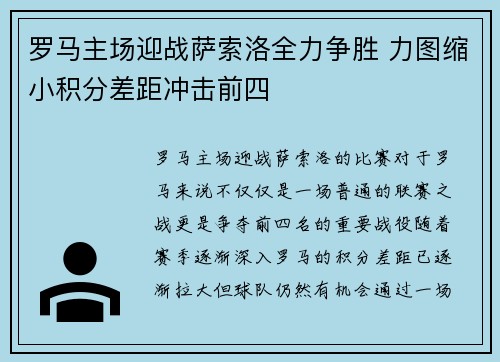 罗马主场迎战萨索洛全力争胜 力图缩小积分差距冲击前四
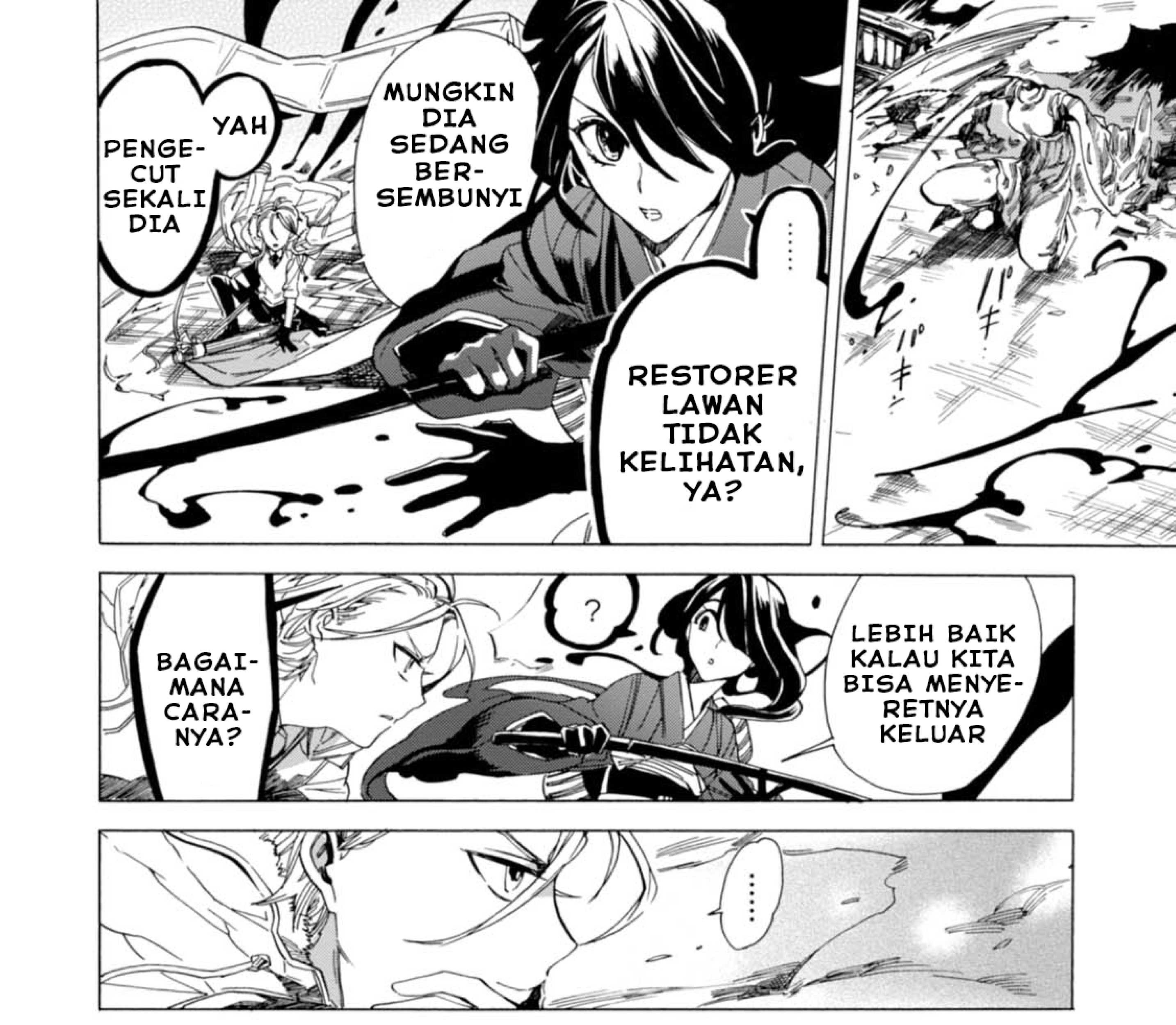 Buddy Antique Chapter 1 Gambar 47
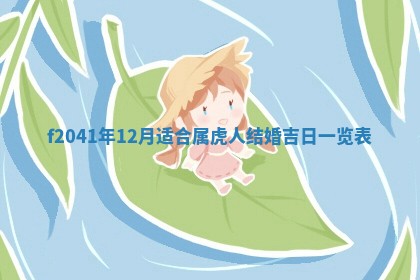 2026年公历3月门户安装黄历择吉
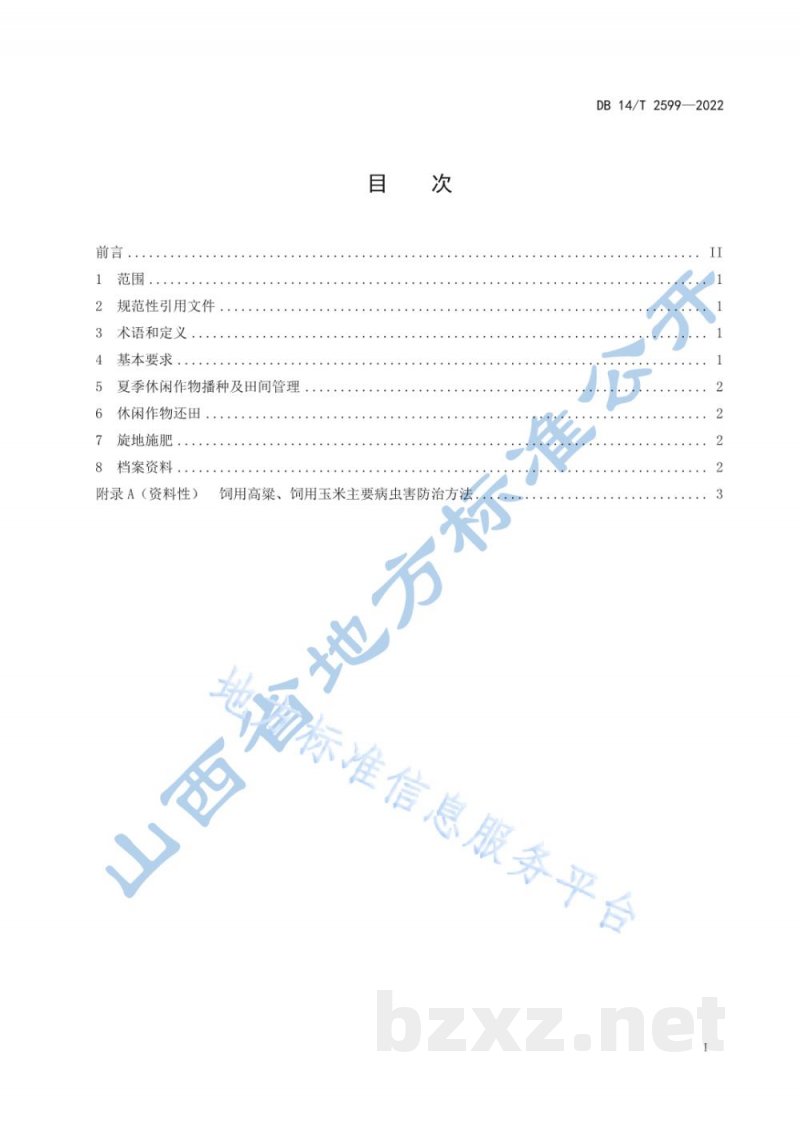 DB14/T 2599-2022蔬菜大棚土壤氮磷夏填作物控制技术规程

» TRY IT
The expected output is the run of lines from the one containing "2026年公历3月门户安装黄历择吉" to the last line of the listing above, both included, word for word and free of pictures.

» EXERCISE RESPONSE
 2026年公历3月门户安装黄历择吉
 DB14/T 2599-2022蔬菜大棚土壤氮磷夏填作物控制技术规程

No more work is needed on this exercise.